Bij de gesprekken wordt (UTC+0) weergeven. Bij de weergeven tijdstippen dient een uur te worden opgeteld.
Op 12 december 2013 om 19:46-20:00 UTC vindt het volgende gesprek plaats tussen de gebruiker van het nummer [telefoonnummer 1] (het hof begrijpt hier en hierna: [betrokkene 3] ) en [telefoonnummer 4] @s.whatsapp.net + [telefoonnummer 4] (het hof begrijpt hier en hierna: [betrokkene 2] ).
[betrokkene 3] : ‘Sommige mensen hebben op dit moment 5 ton contant. Ik heb dat ding nodig. Om bij hun in huis op bezoek te gaan, begrijp je.’

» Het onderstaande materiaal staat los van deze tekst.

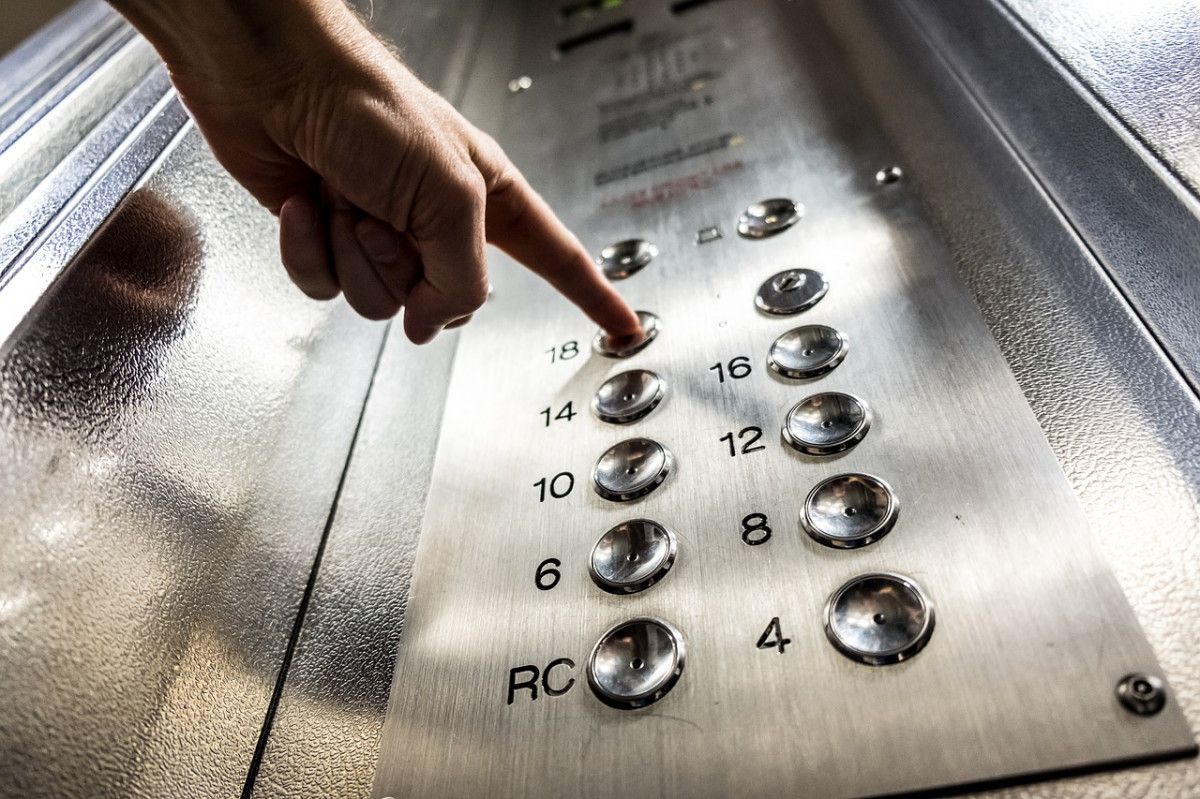 В Днепре тысячу лифтов планируют оснастить системами диспетчеризации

[betrokkene 2] (het hof begrijpt hier en hierna: [betrokkene 2] ): ‘Goed/ja/ok'
[betrokkene 3] : ‘Ok, regel het voor mij zus. Kan jij contact met de [naam] nemen? Alsjeblieft ik heb hem nu nodig, ga hem halen en praat met [betrokkene 5] , ik reken op jou.’
[betrokkene 2] : ja
[betrokkene 3] : ok cool
[betrokkene 2] : [telefoonnummer 5]
Op 12 december 2013 om 20:47 - 23:40 UTC vindt het volgende gesprek plaats tussen de gebruiker van het nummer [telefoonnummer 1] en [telefoonnummer 4] @s.whatsapp.net + [telefoonnummer 4] .
[betrokkene 2] : ‘Mijn oom belt me voor jou. Wat moet ik mijn oom eigenlijk zeggen.’

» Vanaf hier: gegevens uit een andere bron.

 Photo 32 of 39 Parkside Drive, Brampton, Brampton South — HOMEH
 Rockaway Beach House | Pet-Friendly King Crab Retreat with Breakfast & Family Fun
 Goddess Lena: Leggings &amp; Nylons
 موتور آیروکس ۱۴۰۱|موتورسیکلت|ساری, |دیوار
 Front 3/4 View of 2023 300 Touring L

[betrokkene 3] : ‘Vertel hem dat meer dan 8 ton in het huis ligt, nu meteen. Het moet vanavond gebeuren of morgen, daarna gaat het weg. Zeg tegen hem om jou het nu meteen te laten weten als hij mee in zee gaat, want we zijn al met vier.’
[betrokkene 2] : ‘ [telefoonnummer 6] . Hij zegt vandaag. Jij moet hem bellen.’
Op 12 december 2013 om 23:46 UTC vindt het volgende gesprek plaats tussen de gebruiker van het nummer [telefoonnummer 1] en [telefoonnummer 4] @s.whatsapp.net + [telefoonnummer 4] .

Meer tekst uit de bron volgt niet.